Not only that but shortly afterwards the heavens opened and in a mere five minutes she had ten inches of rain. She tells me that her house would have become completely flooded had it not been for a dry moat and ha-ha wall surrounding her entire property. While her memory is vague and she cannot rule out having built both of them herself, she suspects it was in fact the highly constructive work of an active beaver.

And an MP who I shall not name said that while he hadn't seen her for weeks, Yulia Skripal was an ex of his and as far as he was concerned there were only three possible reasons why their relationship was totally celibate :

Angelic She prioritised manufacturing Novichok and testing it on herself (B) She was secretly in the very last fragments of the Shaker movement along with many other little known organisations or (C) She simply preferred the illicit thrill of dogging (which he feels may well be why she disappeared as often as she did.).

I think I've spotted 12 and a half of the items on your list Horse, although the snail was homeless hence only a half a point.
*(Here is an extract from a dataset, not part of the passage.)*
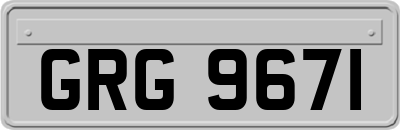 GRG9671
This is like my i-Spy book of birds, but without the Birdwatch and the points. :)

Quote: Firkin @ 13th August 2021, 1:03 PM

I think I've spotted 12 and a half of the items on your list Horse, although the snail was homeless hence only a half a point. This is like my i-Spy book of birds, but without the Birdwatch and the points. :)
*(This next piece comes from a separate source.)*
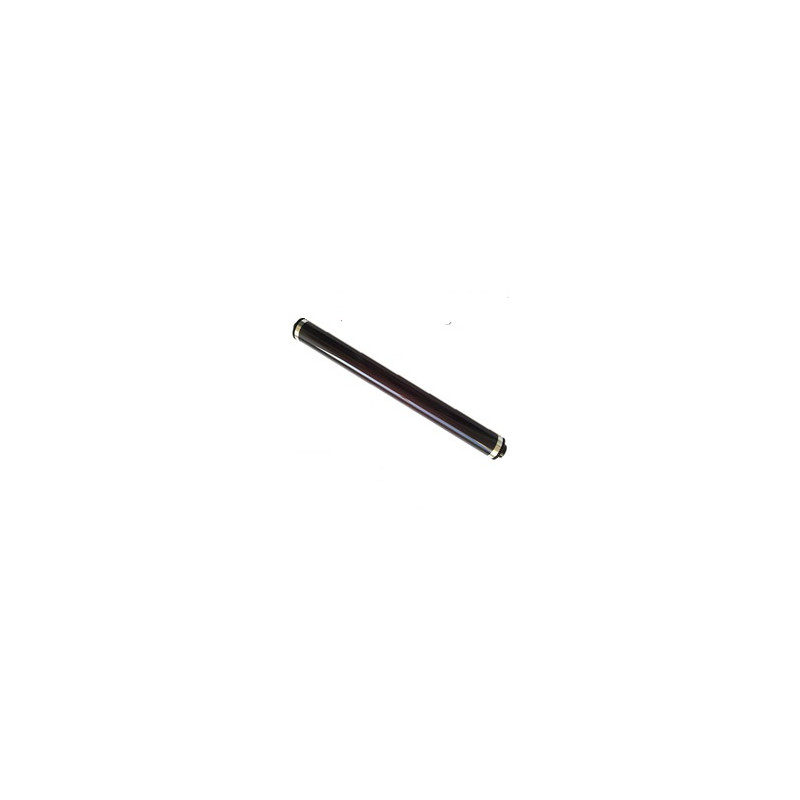 Tambor Kyocera KYCE8345 Black Compatible - 24,67€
Brilliant - and you win the prize.

Now please send me your address so - I assume that among the 12 and a half is at least 1 and a half of the Skripals - we can find out exactly what did happen in Salisbury.

I have never seen a dead duck (wild not crispy) or a baby pigeon (wild or crispy).

Suburban garden about a mile as the crow flies from farmland. Neighbour has heavily overgrown trees. Normally get regular visits morning and late afternoon to my cheapo Wilko bird feeder station (seeds and fat balls) - Blue Tits, couple of Robins, Sparrows. All seem to nest in the local trees and last year it was mobbed for a while by some Long Tailed Tits. They seemed to prefer feeding en-masse rather than one or two at a time like the other species.

This year I haven't needed to top it up once. Just had Pigeons and Magpies using the water bowl.

Nice couple of posts for which thanks. But I note the emphasis in them is more on versions of birds (ish) than on establishing whether it is Sergei or Yulia who now only has a body from the waist down. I am entirely relaxed about this myself but I am being warned by senior members of the SAS that if their sudden evacuation of staff from Porton Down on 31 August leads to a terrorist incident at an airport, it will be all my fault and I may not be elected again. The note is clear - and they are still all friends of mine - "less the Chris Packham please and more about identifying which citizen in our midst with just feet, legs and genitalia is the spy. Otherwise we will have to trawl through the bleedin' lot of these halfies on every street corner".

Quote: playfull @ 27th August 2021, 12:12 PM

I have never seen a dead duck (wild not crispy) or a baby pigeon (wild or crispy).

I've seen a baby pigeon. There was a pigeon nest on a ledge opposite a window at work. We watched it growing up.